Policymakers’ beliefs about the frequency of medical bankruptcies are based primarily on two highprofile articles that claim that medical events cause approximately 60% of all bankruptcies in the United States.1,2 In these studies, people who had gone bankrupt were asked whether they’d experienced health-related financial stress such as substantial medical bills or income loss due to illness. People were also asked whether they went bankrupt because of medical bills. People who reported any of these events were described as having experienced a medical bankruptcy. This approach assumes that whenever a person who reports having substantial medical bills experiences a bankruptcy, the bankruptcy was caused by the medical debt. The fact that, according to a 2014 report from the Consumer Financial Protection Bureau, about 20% of Americans have substantial medical debt, yet in a given year less than 1% of Americans file for personal bankruptcy, suggests that this assumption is problematic.  Clearly, many people face medical debt but do not go bankrupt.  Even after correction for overly broad definitions of “medical” expenses, 3 the existing, widely cited evidence on medical bankruptcy is built on the fallacy that when two things occur together there is necessarily a causal relationship between them.

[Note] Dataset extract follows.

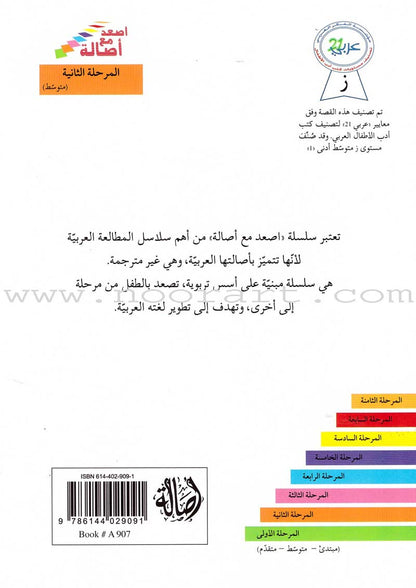 Go Up with Asala Series: Second Stage-Intermediate (Set of 29 books) سلسلة اصعد مع أصالة: المرحلة الثانية - متوسط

To understand the problem, consider an analogous line of inquiry: suppose we want to know which factors increase a person’s chances of becoming a technology billionaire. Investigation of recent technology giants might suggest that dropping out of college is a high-return strategy (think: Bill Gates, Steve Jobs, and Mark Zuckerberg [dropping out of Harvard seems to have a particularly high payoff]). By examining only college dropouts who have already became technology billionaires rather than all college dropouts, this analysis misses the fact that most college dropouts do not go on to lucrative careers in the tech business. A similar problem pervades the current literature on medical bankruptcy. The studies mentioned above examine the experiences only of people who went bankrupt, but it is impossible to infer the role of medical expenses in causing bankruptcy without information on the proportion of the population with large medical expenses that did not go bankrupt.

To estimate the share of bankruptcies actually caused by medical factors, we therefore selected a sample of people who were admitted to the hospital in California and tracked information on their annual credit reports, including whether and when they filed for bankruptcy. Because we examined the relationship between when people go to the hospital and the timing of any bankruptcy, we were able to estimate the increase in bankruptcy filings caused by illness or injury, rather than the fraction of people filing for bankruptcy who happen to have substantial medical expenses.  Our study was based on a random stratified sample of adults 25 to 64 years of age who, between 2003 and 2007, were admitted to the hospital (for a non–pregnancyrelated stay) for the first time in at least 3 years. We linked more than half a million such people to their detailed credit-report records for each year from the period 2002–2011. The graph shows the results of our analysis.  The results show a clear effect of hospital admission on bankruptcy: the rate of bankruptcies rises sharply in the years after hospital admission, and this change is statistically significant (at conventional levels) both 1 and 4 years after the admission, after which bankruptcies appear to level off. This finding indicates that the expenses that result from the illness or injury that caused the hospital admission — for example, out-of-pocket medical costs and lost labor income — cause some people to file for bankruptcy.  However, the magnitude of the bankruptcy effect is much smaller than previously thought: we estimate that hospitalizations cause only 4% of personal bankruptcies among nonelderly U.S. adults, which is an order of magnitude smaller than the previous estimates described above.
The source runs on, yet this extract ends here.